Meaux (cercle, cénacle ou groupe de), (suite)
Prélat gallican, proche de la cour et des milieux humanistes, Briçonnet, nommé à Meaux en 1516, entreprend, à partir de 1518, de réformer son diocèse conformément aux aspirations de l' humanisme chrétien. Il s'efforce d'abord de restaurer la discipline au sein du clergé, rappelant les moines au respect de la règle, et les curés à l'obligation de résidence. Mais il s'attache tout particulièrement à la prédication en direction des fidèles. En butte aux résistances du clergé local, il fait appel en 1521 à un groupe de prédicateurs rassemblés autour de Lefèvre d'Étaples (Gérard Roussel, Martial Masurier, François Vatable, Michel d'Arande, Guillaume Farel, Pierre Caroli, Jacques Pauvan), à qui il confie la tâche de « connaître l'Évangile, suivre l'Évangile, et faire connaître partout l'Évangile ». Tandis qu'une trentaine de prédicateurs quadrillent le diocèse, des innovations sont introduites dans la liturgie : le culte des images est épuré, des traductions françaises de la Bible sont mises à la portée des fidèles.
Mais, très rapidement, et malgré la protection de François Ier et surtout de sa sœur, Marguerite d'Angoulême, elle-même acquise aux thèses évangélistes, le groupe de Meaux est la cible des attaques de la Sorbonne et du Parlement, gardiens sourcilleux de la tradition, qui confondent dans la même réprobation « évangélistes » et luthériens. Sans doute les « bibliens » de Meaux ont-ils en commun avec les luthériens l'importance accordée à l'Écriture ou la primauté de la foi sur les œuvres. Mais ils s'en séparent sur deux points cruciaux : l'eucharistie, où ils restent fidèles au dogme catholique de la transsubstantiation ; et l'Église, dont ils ne remettent pas en cause l'organisation.
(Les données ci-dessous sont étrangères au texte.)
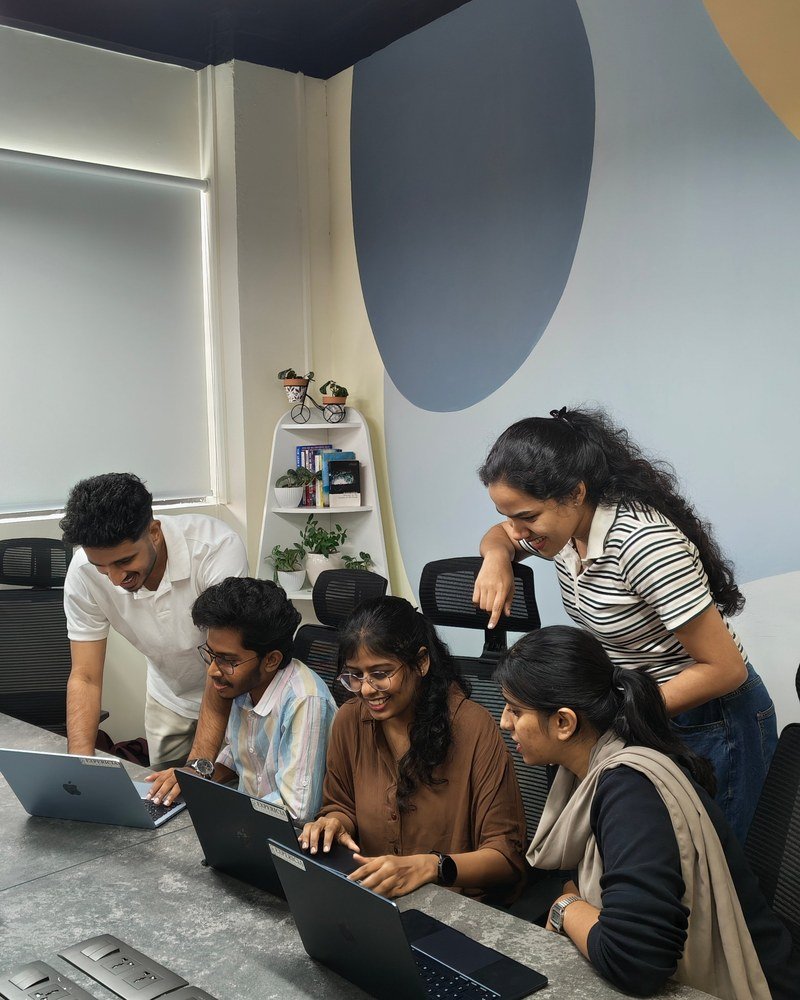 The Expericia team reviewing a build together at the Kochi office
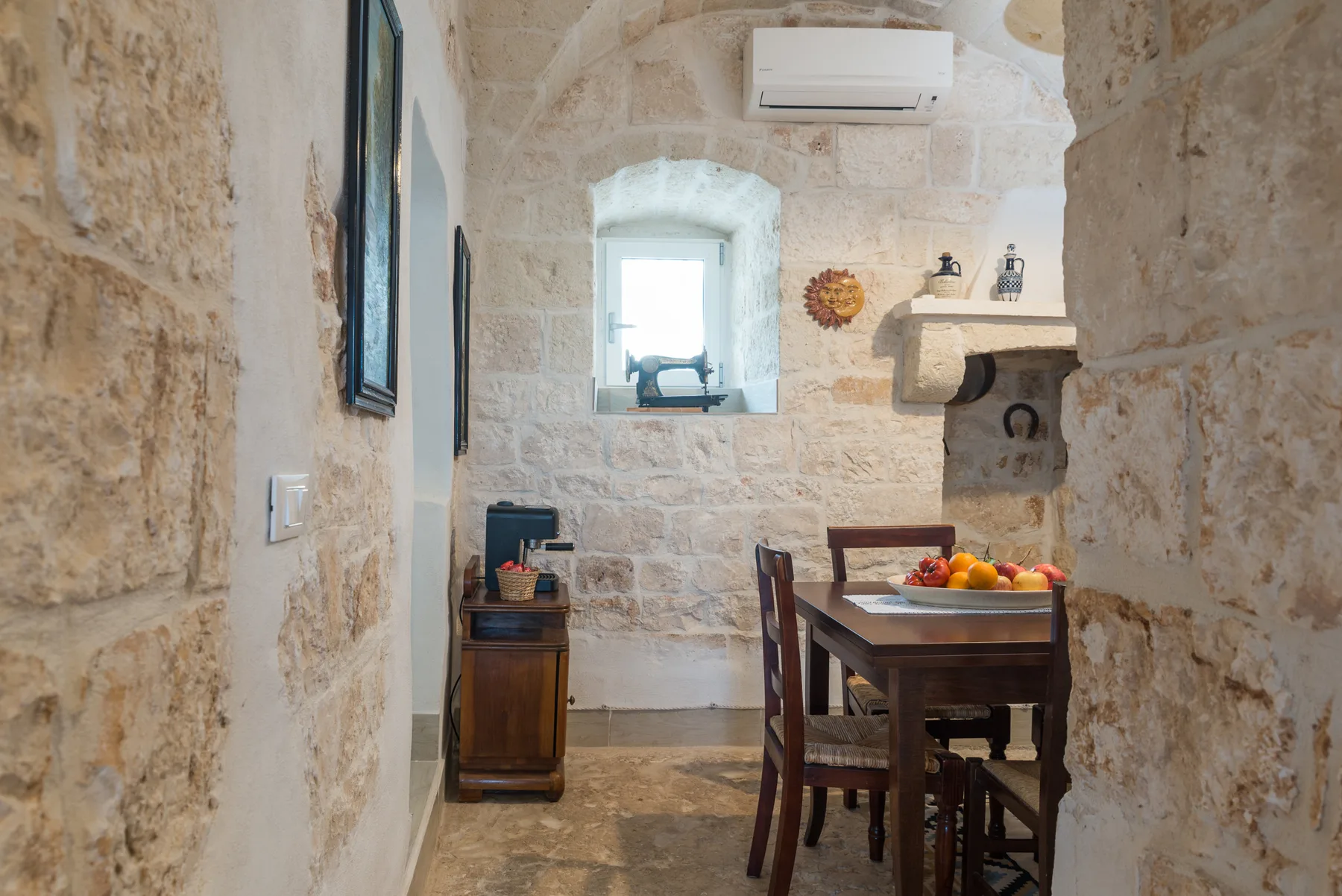 A stone dining room with a wooden table set with a bowl of fruit.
Les protestations d'orthodoxie de Briçonnet, qui s'était séparé dès 1523 de Guillaume Farel, jugé trop proche des thèses luthériennes, ne désarment pas les milieux conservateurs hostiles. Profitant de la captivité de François Ier, le Parlement engage en 1525 des poursuites contre le groupe de Meaux : les traductions françaises de la Bible, dont les Epistres et Evangiles de Lefèvre, sont interdites. Menacés de « prise de corps », Lefèvre, Caroli et Masurier se réfugient à Strasbourg, tandis que Jacques Pauvan, accusé d'hérésie, finit sur un bûcher.
La dislocation du groupe de Meaux signe l'échec d'une réforme modérée, menée sous l'égide de l'Église gallicane et du pouvoir royal. Sommés de choisir entre la fidélité à l'orthodoxie romaine et la Réforme intégrale, ses membres se partagent : tandis que Briçonnet, Roussel, d'Arande et Masurier restent au sein de l'Église romaine, et que Farel et Caroli passent à la Réforme, Lefèvre, accueilli à Nérac par Marguerite d'Angoulême, persiste dans la voie étroite de l'évangélisme. Cet « éclectisme doctrinal », autant que les rigueurs des théologiens et des juges expliquent l'échec de l'expérience de Meaux, qui ne résiste pas à la radicalisation des positions au milieu des années 1520.